On Sun, 2001-10-14 at 20:02, Bill Kelly wrote:
> 
> From: "Sean Middleditch" <elanthis / awesomeplay.com>
> >
> [...]
> > escaped.  Also, what about something like
> > 
> > abc,def,\"abc,"123,456"\,xxy
> > 
> > The escapes won't work.  I once had a regexp that (in almost all cases)
> > properly handled this, but I don't recall what it was.  Unfortunately,
> > I'm not talented enough at regexps to figure it out again without
> > another hour of work.  ^,^  I don't know if handling the \ escapes is
> > important though for this situation (I had some text files at work that
> > did need it, though... was a real pain).
> 
> Here's one that should handle everything EXCEPT that pesky escaped
> comma _outside_ the quoted string.  :-(  Is that for real ???  I
> take it that ought to tokenize to
> 'abc', 'def', '\"abc', '123,456\,xxy' ??????
> 

Ya, that was the tokenization I was looken for. 

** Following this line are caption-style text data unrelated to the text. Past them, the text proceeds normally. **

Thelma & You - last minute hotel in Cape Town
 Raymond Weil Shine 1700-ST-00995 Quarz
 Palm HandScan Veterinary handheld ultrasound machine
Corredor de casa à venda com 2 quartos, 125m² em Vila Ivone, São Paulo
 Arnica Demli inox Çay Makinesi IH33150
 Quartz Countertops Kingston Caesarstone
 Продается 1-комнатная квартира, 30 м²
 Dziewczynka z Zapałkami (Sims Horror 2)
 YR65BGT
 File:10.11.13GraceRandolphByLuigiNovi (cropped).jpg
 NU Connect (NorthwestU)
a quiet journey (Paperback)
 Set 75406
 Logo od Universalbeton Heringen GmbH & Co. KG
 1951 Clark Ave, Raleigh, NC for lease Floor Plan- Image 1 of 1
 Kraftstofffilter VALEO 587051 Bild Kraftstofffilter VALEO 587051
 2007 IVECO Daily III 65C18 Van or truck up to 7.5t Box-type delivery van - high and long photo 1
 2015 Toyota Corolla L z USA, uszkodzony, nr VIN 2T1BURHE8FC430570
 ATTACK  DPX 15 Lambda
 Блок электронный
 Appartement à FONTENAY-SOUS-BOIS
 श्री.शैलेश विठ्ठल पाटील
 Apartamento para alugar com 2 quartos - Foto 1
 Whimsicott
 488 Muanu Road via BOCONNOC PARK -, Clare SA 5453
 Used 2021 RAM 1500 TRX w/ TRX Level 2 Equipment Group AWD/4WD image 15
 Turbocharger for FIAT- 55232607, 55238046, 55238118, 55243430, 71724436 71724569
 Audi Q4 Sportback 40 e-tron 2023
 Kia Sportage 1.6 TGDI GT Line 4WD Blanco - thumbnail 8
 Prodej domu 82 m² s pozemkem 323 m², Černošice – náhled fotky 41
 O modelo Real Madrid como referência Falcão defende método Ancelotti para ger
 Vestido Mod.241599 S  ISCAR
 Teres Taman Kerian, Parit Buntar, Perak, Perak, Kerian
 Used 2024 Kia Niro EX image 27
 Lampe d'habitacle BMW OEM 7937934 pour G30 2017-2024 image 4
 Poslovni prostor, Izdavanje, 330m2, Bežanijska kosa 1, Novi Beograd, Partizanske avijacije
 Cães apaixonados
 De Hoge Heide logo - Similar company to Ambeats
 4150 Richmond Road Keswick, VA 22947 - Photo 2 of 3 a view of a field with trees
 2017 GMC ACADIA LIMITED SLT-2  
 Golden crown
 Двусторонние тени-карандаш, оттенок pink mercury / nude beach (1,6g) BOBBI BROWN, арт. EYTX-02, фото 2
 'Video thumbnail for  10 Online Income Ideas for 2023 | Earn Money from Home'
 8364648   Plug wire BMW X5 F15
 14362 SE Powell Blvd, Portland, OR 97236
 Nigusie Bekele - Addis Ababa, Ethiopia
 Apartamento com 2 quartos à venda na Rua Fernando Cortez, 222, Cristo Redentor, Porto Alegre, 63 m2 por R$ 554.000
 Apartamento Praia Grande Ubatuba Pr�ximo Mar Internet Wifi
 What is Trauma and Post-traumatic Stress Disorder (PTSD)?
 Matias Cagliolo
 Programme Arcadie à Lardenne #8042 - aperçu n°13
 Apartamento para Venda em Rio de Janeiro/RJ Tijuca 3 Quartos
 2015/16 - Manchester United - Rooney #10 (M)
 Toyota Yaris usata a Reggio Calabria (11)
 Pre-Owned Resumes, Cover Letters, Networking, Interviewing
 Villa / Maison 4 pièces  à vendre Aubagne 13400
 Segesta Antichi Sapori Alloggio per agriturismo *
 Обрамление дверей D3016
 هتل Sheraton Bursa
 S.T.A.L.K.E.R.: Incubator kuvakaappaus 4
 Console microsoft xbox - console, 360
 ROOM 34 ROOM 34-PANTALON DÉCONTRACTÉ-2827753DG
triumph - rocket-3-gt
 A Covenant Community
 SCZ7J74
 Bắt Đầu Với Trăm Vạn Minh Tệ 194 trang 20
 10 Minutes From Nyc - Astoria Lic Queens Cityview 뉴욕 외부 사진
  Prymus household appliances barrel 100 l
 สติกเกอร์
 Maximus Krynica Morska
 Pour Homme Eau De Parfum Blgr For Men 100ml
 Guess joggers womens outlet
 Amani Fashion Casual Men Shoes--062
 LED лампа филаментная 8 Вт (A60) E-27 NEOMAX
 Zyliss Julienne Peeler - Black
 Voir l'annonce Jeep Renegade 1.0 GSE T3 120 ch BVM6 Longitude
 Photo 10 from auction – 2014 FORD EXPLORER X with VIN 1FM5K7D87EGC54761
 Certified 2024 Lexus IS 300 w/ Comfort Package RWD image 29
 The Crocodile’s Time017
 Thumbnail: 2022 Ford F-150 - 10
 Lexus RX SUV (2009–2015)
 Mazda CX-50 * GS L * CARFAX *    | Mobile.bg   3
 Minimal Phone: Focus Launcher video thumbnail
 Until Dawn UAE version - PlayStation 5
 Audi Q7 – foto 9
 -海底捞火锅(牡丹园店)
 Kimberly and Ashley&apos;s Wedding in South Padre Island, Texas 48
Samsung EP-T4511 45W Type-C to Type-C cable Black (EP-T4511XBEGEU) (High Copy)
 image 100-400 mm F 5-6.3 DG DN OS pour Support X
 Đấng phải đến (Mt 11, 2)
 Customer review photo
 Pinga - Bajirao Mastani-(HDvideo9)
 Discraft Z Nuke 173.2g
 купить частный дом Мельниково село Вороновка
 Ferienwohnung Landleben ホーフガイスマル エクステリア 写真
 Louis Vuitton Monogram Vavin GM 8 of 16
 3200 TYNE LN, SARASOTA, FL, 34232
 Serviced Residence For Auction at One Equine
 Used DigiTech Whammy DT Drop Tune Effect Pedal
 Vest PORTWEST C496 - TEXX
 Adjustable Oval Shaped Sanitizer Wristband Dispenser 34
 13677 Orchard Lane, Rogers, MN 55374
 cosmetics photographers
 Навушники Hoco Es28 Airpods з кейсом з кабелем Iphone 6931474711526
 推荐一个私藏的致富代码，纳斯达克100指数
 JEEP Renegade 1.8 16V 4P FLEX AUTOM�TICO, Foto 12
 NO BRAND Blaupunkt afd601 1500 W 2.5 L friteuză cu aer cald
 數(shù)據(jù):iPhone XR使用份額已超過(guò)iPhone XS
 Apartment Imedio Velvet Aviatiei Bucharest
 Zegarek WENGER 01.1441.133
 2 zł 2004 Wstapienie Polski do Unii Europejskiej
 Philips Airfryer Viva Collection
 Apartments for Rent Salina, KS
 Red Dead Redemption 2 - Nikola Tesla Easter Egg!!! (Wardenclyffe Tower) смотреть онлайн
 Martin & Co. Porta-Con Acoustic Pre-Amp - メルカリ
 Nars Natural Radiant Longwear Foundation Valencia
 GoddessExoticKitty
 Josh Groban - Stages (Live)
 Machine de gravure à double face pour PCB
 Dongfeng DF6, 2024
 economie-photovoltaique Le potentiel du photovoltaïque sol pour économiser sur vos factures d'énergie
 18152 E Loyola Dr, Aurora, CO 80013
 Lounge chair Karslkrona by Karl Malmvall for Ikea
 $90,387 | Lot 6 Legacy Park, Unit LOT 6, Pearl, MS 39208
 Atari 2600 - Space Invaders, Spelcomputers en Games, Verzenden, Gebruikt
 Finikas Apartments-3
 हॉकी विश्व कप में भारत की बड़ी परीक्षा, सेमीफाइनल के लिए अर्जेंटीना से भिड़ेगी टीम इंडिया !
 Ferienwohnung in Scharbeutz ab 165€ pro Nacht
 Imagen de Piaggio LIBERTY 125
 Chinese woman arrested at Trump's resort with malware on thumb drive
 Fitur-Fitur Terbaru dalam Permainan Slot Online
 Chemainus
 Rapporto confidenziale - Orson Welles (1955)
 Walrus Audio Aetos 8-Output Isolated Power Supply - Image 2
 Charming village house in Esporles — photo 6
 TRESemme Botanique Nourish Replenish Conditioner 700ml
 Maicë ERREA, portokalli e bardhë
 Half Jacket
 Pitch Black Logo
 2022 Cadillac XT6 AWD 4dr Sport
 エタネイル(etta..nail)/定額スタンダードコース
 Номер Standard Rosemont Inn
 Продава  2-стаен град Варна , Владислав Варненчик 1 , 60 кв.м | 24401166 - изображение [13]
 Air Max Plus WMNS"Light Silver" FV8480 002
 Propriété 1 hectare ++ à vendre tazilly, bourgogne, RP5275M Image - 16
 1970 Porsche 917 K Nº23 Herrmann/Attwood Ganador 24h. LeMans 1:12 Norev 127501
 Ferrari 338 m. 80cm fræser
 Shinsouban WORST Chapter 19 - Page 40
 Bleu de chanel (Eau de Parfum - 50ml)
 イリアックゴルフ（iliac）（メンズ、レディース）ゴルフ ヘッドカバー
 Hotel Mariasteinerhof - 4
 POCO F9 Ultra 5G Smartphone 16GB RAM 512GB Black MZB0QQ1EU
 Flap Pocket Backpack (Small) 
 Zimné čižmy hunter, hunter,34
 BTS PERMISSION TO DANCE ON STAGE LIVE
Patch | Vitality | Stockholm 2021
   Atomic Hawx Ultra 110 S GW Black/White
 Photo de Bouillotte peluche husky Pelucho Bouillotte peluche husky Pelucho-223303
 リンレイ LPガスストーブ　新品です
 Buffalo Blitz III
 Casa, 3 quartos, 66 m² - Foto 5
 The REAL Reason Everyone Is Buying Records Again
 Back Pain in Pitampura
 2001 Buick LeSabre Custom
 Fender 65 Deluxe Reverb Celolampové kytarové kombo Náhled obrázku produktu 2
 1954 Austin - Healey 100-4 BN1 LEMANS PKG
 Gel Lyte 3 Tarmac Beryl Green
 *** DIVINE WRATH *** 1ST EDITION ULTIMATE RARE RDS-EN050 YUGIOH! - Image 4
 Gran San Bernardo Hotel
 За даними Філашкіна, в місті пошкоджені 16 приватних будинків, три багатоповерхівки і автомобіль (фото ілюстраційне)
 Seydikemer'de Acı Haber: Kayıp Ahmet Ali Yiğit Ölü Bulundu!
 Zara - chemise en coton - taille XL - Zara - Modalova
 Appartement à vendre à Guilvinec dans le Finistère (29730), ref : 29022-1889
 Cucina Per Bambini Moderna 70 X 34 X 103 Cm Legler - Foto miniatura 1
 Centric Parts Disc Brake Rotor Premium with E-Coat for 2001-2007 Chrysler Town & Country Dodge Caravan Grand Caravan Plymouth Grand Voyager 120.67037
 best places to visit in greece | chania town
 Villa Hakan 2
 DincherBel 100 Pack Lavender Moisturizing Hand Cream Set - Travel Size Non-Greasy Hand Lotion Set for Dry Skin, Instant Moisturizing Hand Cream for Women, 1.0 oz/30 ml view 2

I don't think I've ever seen an app do that, but after some
inexperienced user decides to go hadn tweak stuff, things can get
ugly...

No, Iv'e never seen taht, but I am also a worst case scenario type
person.  ^,^  Also, I look at the rules of what the syntax means, and I
always make sure my code can completely follow the rules no matter how
weird.  There is a 1 in a trillion chance it's needed, but oh well.  I'm
weird like that.  ^,^

> That seems really weird because it gobbles quotes and yet concatenates
> fields (as it were) with that escaped comma following the quotes.
> I'd have expected the program generating the CSV to have output that
> field as "\"123,456\",xxy" . . . which the below can handle, but . . .
> 
> Anyway, for what it's worth  :-)
> 
> 
> require 'runit/testcase'
> require 'runit/cui/testrunner'
> 
> def csv_split(str)
>     str.scan(/(?:\A|,)\s*"((?:\\"|[^"])*)"|(?:\A|,)([^",]*|[^",][^,]*)(?=,|\z)/).flatten!.compact!
> end
> 

Jeez, Iit would take me hours to come up with that.  If employers took
regexp's on resumes, you could get a hell of a job with that.  ~,^

> class TestCsvSplit < RUNIT::TestCase
>     def testCsvSplit
>         fields = csv_split(%q{"aaa",,"c,\"d\",",,,"fff",,,})
>         assert fields == ['aaa', '', 'c,\"d\",', '', '', 'fff', '', '', '']
>         fields = csv_split(%q{"\"",,"a\"\"b","\"c\"",})
>         assert fields == ['\"', '', 'a\"\"b', '\"c\"', '']
>         fields = csv_split(%q{abc,def,\"abc,"123,456",xxy})
>         assert fields == ['abc', 'def', '\"abc', '123,456', 'xxy']
>         fields = csv_split(%q{abc,def,\"abc,"\"123,456\",xxy"})
>         assert fields == ['abc', 'def', '\"abc', '\"123,456\",xxy']
>     end
> end
> 
> 
> RUNIT::CUI::TestRunner.run(TestCsvSplit.suite)
> 
> 
> 
> Bill
> 
>